Como se vê, é uma sinopse simples, presente em todos os filmes da franquia “Missão Impossível”. Mas “O Espião Que Sabia Demais” retira todo o glamour e ação resfolegante da espionagem, substituindo o charme de um Ethan Hunt por velhos cansados e decepcionados com suas próprias vidas.
Para construir esse universo, Alfredson criou um clima de opressão e claustrofobia, apoiado pela fotografia escura de Hoyte van Hoytema, e ofereceu uma história entrecortada por flashbacks, numa montagem que entrega aos poucos quem são os personagens e para onde eles poderiam ir – como se o próprio espectador estivesse investigando o caso.

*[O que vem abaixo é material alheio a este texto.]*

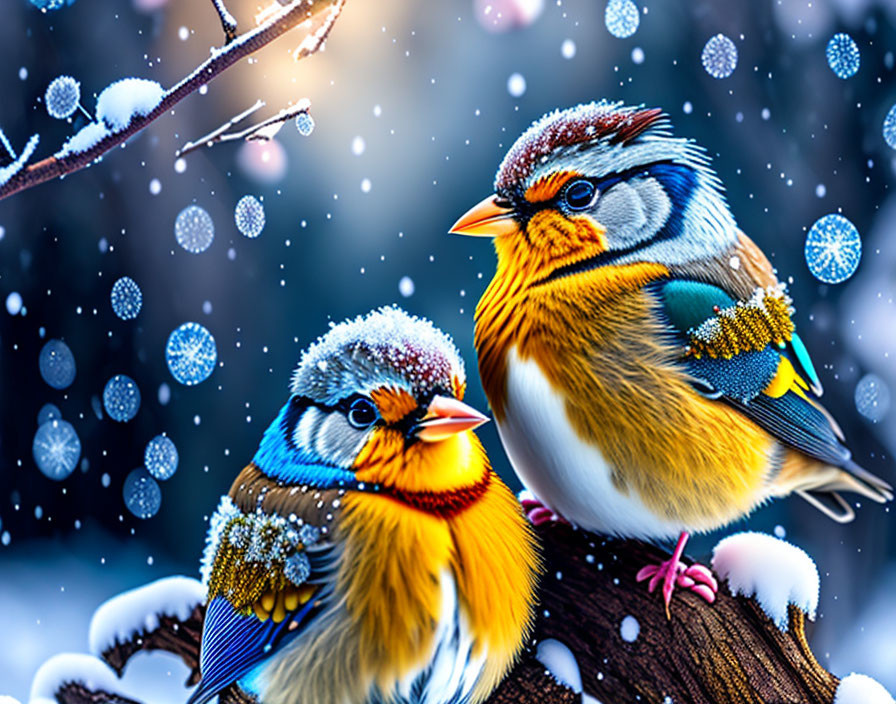 Colorful Birds Perched on Branch with Falling Snowflakes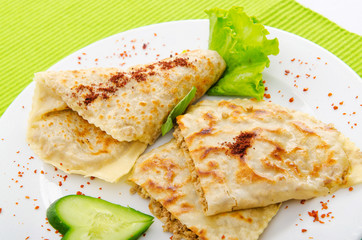 Pancakes stuffed with minced meat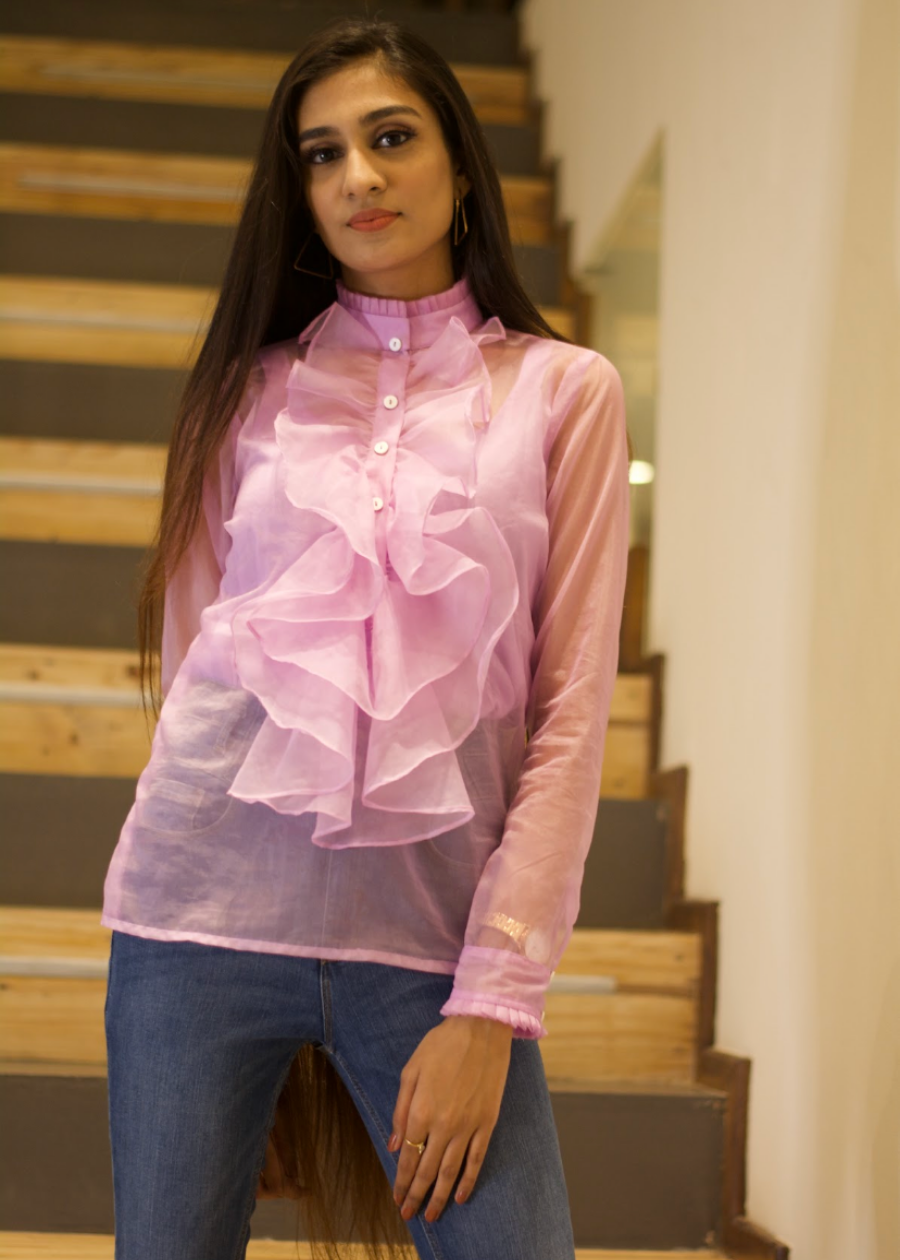 Organza Ruffle Top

Apesar de o diretor ficar conhecido apenas recentemente, ele já é um veterano na direção de filmes e séries na televisão da Suécia e sua experiência fica evidente pela composição dos quadros e movimentos de câmera: os primeiros minutos que apresentam Smiley, por exemplo, se resumem a acompanhá-lo caminhar calmamente pelas ruas de Londres – sem falas. É curioso notar que ele está cercado de grades por onde passa, como se sua rotina o trancafiasse.
Na trama, os espiões são meros funcionários públicos que precisam brigar com os chefes para conseguir financiamento para as missões. Seu entretenimento não é escalar montanhas, mas assistir a TV. O que o incomoda não são os ladrões de seu carro conversível, mas uma mosca dentro do veículo. E ele não conquista mulheres – aliás, sua esposa o deixou.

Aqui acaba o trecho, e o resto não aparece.